> Stored items from a collection

..............................

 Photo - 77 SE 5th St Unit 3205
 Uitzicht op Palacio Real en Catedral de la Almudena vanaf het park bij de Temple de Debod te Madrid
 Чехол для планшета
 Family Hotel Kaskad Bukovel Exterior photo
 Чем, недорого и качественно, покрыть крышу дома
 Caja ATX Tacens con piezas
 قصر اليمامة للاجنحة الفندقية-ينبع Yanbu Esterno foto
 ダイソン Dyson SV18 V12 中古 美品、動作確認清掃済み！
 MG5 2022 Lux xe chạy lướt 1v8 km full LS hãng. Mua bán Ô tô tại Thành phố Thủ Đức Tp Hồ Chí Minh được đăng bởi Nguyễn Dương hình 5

..............................

> ASSIGNMENT
Having read the records above, reproduce each one exactly.

> THE COMPLETED TASK
 Photo - 77 SE 5th St Unit 3205
 Uitzicht op Palacio Real en Catedral de la Almudena vanaf het park bij de Temple de Debod te Madrid
 Чехол для планшета
 Family Hotel Kaskad Bukovel Exterior photo
 Чем, недорого и качественно, покрыть крышу дома
 Caja ATX Tacens con piezas
 قصر اليمامة للاجنحة الفندقية-ينبع Yanbu Esterno foto
 ダイソン Dyson SV18 V12 中古 美品、動作確認清掃済み！
 MG5 2022 Lux xe chạy lướt 1v8 km full LS hãng. Mua bán Ô tô tại Thành phố Thủ Đức Tp Hồ Chí Minh được đăng bởi Nguyễn Dương hình 5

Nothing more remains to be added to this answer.